The main contributions of this paper are described as follows.

  1. (1)

    A novel ensemble hierarchical clustering method is proposed for teleconsultation demand classification. Four hierarchical clustering methods, one-hot encoding, cosine similarity, K-means clustering, and network graph are applied in the proposed method.

  2. (2)

    Actual teleconsultation demand data is used as sample data to prove the effectiveness of the proposed clustering method. By the proposed clustering method, teleconsultation demands are classified into five groups in three patterns.

  3. (3)

    The importance of teleconsultation demand classification is proved by the comparison of service efficiency and quality before and after the demand classification under the fixed service strategies. After demand classification, the service analysis reveals the service deficiencies of different-pattern demands, providing suggestions for service improvement.

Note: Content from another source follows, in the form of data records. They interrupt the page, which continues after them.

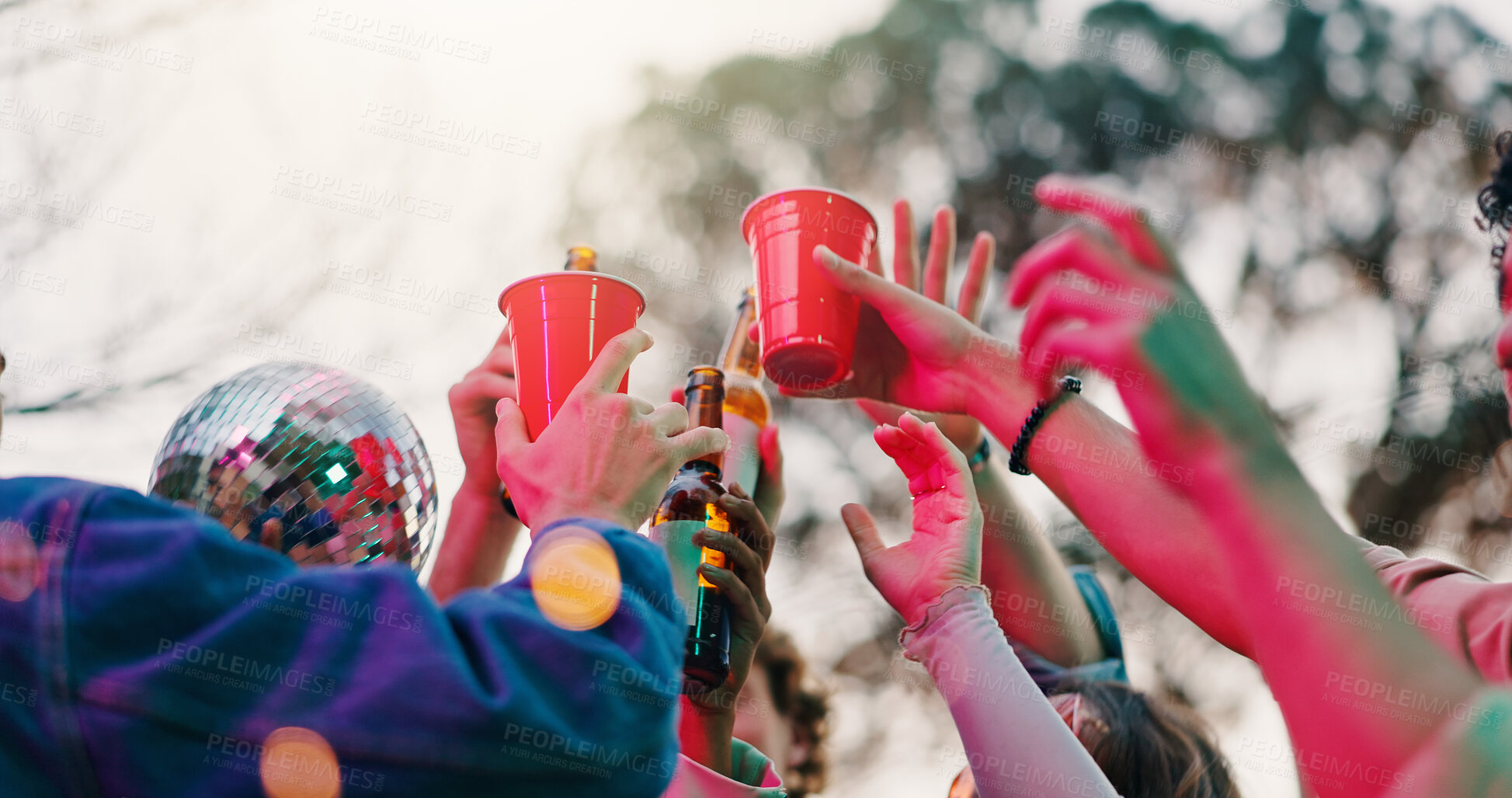 Buy stock photo Celebration, toast or hands outdoor with alcohol, reunion or bonding together at friendship event. Gen z, below or people in park with cups, birthday party or drinks cheers in social gathering.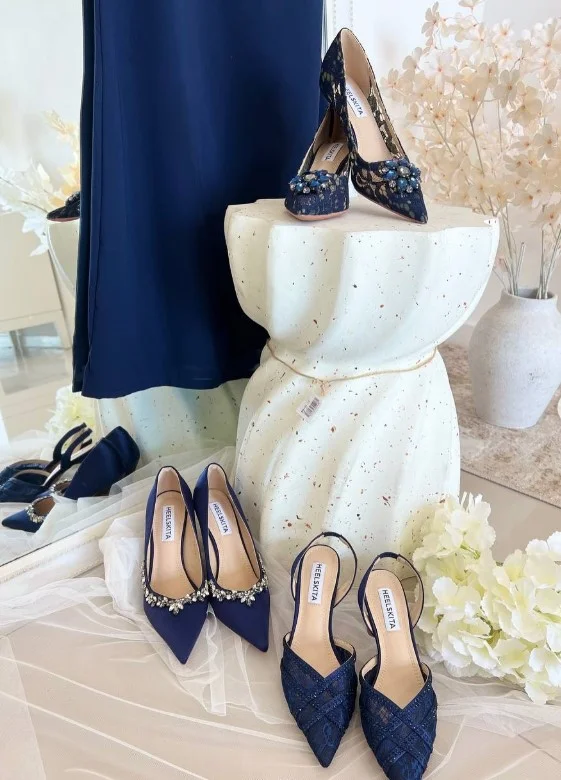 Navy heels with a matching navy dress for a monochrome outfit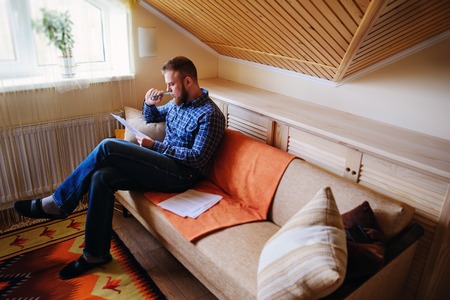 Young handsome man sitting on the couch and watches a working paper.の写真素材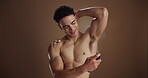 Grooming, underarm and man with spray, studio background and skincare with product, smile and scent. Happy, person and prevention of bad odor, shirtless and fragrance for armpit, self care or hygiene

The rest of the paper is organized as follows. “Literature review” section reviews related literature. “Methods” section introduces the proposed method. “Data description and experimental design” section describes the experimental data and designs. “Results and discussions” section presents the results and discussions. “Conclusions” section gives a conclusion.

Literature review

Previous studies of demand classification focus on the area of spare parts in the stock-keeping unit (SKU) [10, 11]. For universally applicable classification, a nomenclature system was introduced in [12]. The framework contains two factors, the mean inter-demand interval and the coefficient of variation of demand size. The combinations of these two factors lead to four categories: erratic, lumpy, smooth, and slow [13]. Erratic categories have high demand size variability and low levels of intermittence. Lumpy categories have high demand size variability and high levels of intermittence. Smooth categories have low demand size variability and high levels of intermittence. Slow categories have low demand size variability and low levels of intermittence.

In the studies of demand classification of spare parts, specific cut-off values are used in the classification methods [1]. However, there is no consensus on a cut-off value for classification criteria, rather it depends on the type of time series, related industry, and demand volume. Teleconsultation demand is a daily time series in healthcare. Therefore, the existing demand classification method isn’t suitable for teleconsultation demand classification. Despite this, the conceptual framework for SKU classification and corresponding criteria can be used in teleconsultation demand classification [11]. The available criteria are summarized in Table 1.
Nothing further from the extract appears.